→ Exercise objective: An exact copy is needed of the lines in the entries below from the line with "Люкс Ramada by" up to and including the line with "Foto del paso", and of nothing else. Leave the pictures out.

→ Provided data:
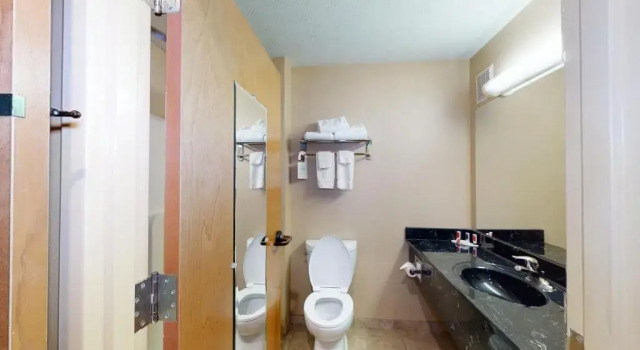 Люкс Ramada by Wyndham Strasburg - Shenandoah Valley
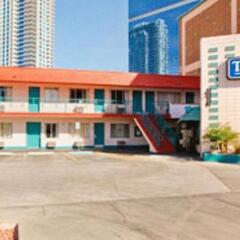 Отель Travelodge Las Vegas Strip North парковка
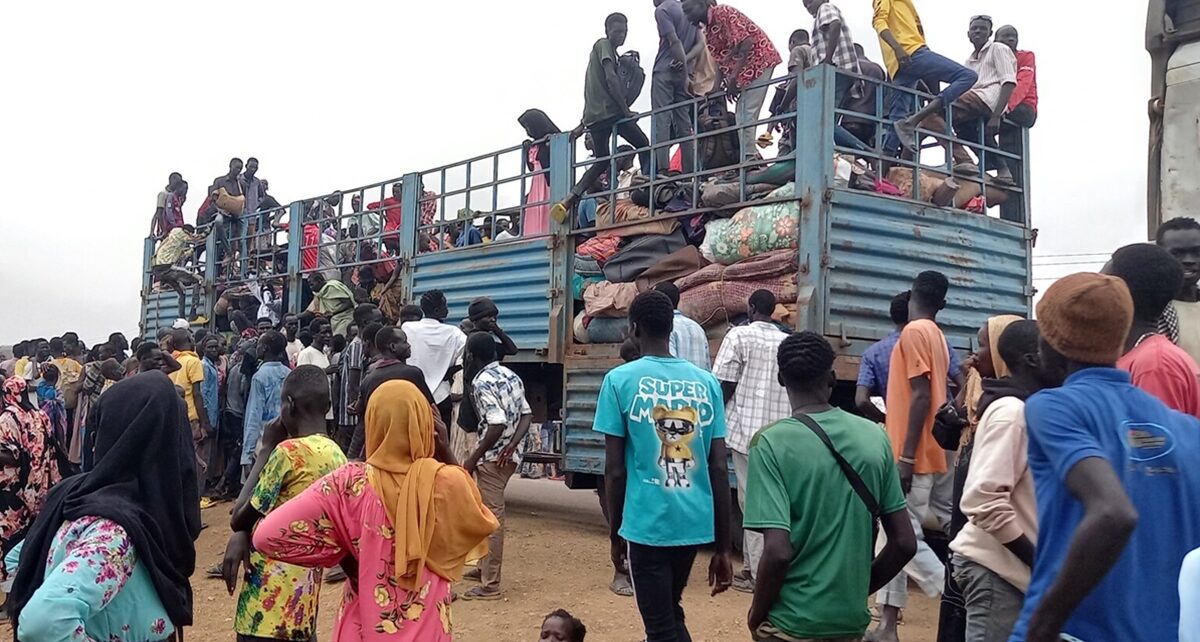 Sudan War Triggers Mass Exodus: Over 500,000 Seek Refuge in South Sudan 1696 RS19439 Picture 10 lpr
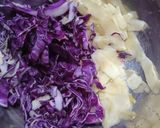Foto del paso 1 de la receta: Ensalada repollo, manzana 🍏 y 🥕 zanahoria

--

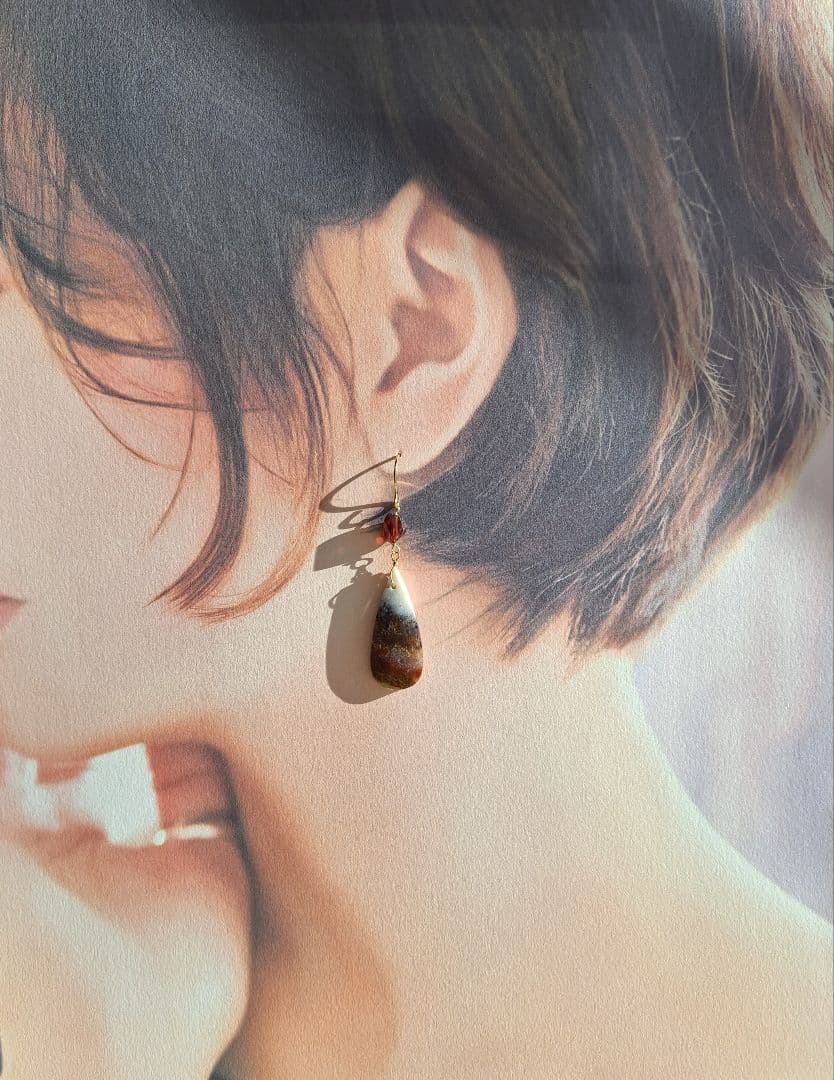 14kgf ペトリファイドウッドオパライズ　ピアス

→ Output below:
 Люкс Ramada by Wyndham Strasburg - Shenandoah Valley
 Отель Travelodge Las Vegas Strip North парковка
 Sudan War Triggers Mass Exodus: Over 500,000 Seek Refuge in South Sudan 1696 RS19439 Picture 10 lpr
Foto del paso 1 de la receta: Ensalada repollo, manzana 🍏 y 🥕 zanahoria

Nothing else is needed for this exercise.